The mountains are granite as well. For the most part they seem to be carved out of a single block of granite. The most famous of them all is Half Dome. Although it is not the highest peak around, it sits very prominently at the end of Yosemite Valley which is where all the action is. Getting there is a forty mile ride from Tioga Pass along winding roads. Takes almost forever.
The valley indeed is quite spectecular. Seven miles long, about a mile wide and bound by granite walls up to 4000 feet high. The amount of people is also quite spectacular. To cope with it, there is two roads, one for each direction. Effectively, there is a freeway down the valley. Near the end, there are huge parking lots but since most people want to be where there is not enough parking space, free shuttle busses are busy running around. They are quite packed. And it is only Monday. I really don’t want to be here on a Saturday or Sunday. In point of fact, I don’t want to be here today either. So after some half-hearted attempt to get a parking space, I flee.
All I miss, is a couple of waterfalls. They are a short walk away from the last parking lots (or the shuttle bus stop if you happen to be late). Given the amount of cars, the walk can’t be much fun. Most likely you will have to avade kids bouncing along the path randomly taking care not to bounce into an armada of strollers yourself.

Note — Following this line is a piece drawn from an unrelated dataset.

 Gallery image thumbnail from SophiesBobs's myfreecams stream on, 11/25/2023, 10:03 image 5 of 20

Lassen was altogether a much more enjoyable place. Maybe not as grand. But despite a myth all Americans seem to strongly believe in, the grandest ist not always automatically the best. It is probably a good idea to pick the smaller parks. Although I read that Yosemite is really nice in Winter. Driving, however, may be slightly problematic then. The road I choose to leave the park, route 41 south, is again winding and steep and closed in Winter. Given that the clock is now approaching five, it is also quite busy. My original plan was to take this road to Oakhurst, turn right there and go to Merced where it should be possible to find affordable accomodation. Sure, there would have been a more direct route to Merced, but it is most likely even more busy and direct routes are boring anyways.

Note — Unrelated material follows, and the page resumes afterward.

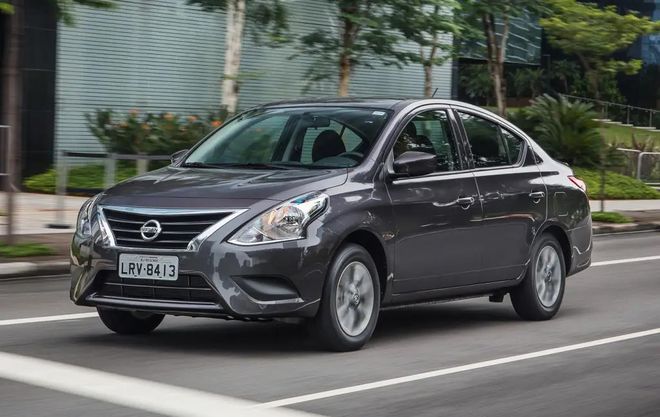 Versa da geração antiga fecha lista de bons carros até R$ 50 mil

By the proven method of not following my original plans, I decide on a whim to stick to route 41 and go to Fresno for the night. But the road gets even more busy in Oakhurst and is now effectively one long chain of cars. The map indicates that there should be a road branching off towards Raymond and from there to Merced. The former is easy to find. The latter turns out not to be paved. The next village is 18 miles away. That would be roughly an hour of rather slow driving. I could go back, but that would be boring, too. So I turn north and drive the 25 miles towards the road I would have taken had I stuck to my original plan.
Quite a detour, but a lovely one. The road leads through a lovely hilly landscape with farms here and there. It is also deserted—for half an hour I don’t see any other car. Which finally allows me to enjoy a winding road. Driving in North America is a very nice experience. People are generally very considerate. However, they seem to be having a inbred fear of curves. They happily go fifteen miles over the speed limit. But if they approach the slightest bend in the road, they break down to walking speed and crawl carefully around. With nobody around for miles, I can approach a road winding up and down the hills in the way it is meant to be approached.

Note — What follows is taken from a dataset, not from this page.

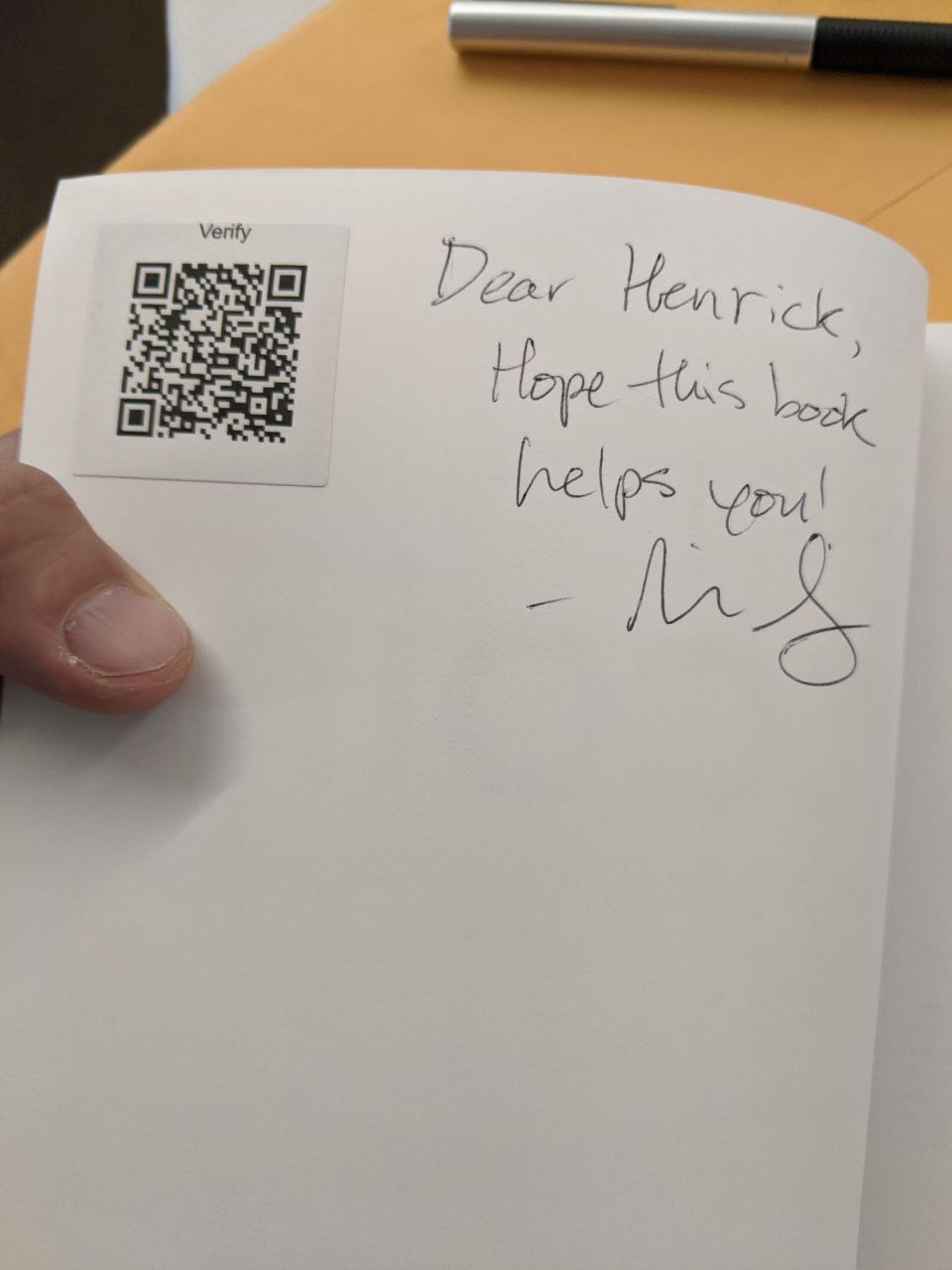 Signed autograph 3e8318ac0e06e4b0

Back on the original road, I descend down into San Joaquin Valley, the arrival being easily recogniced by the fact that the road goes dead straight for five miles. There follows a bend in the form of the village of Planada and then another three miles of straight road but now with the Santa Fe railroad to the left. Cruise control becomes a vital piece of equipment. If only theyy would invent steering control for these straight roads. I could take a quick nap, then.
So I have to stay awake until I arrive in Merced. After some random searching I find the area with the motels. It also has some fast food outlets which is fine with me just now.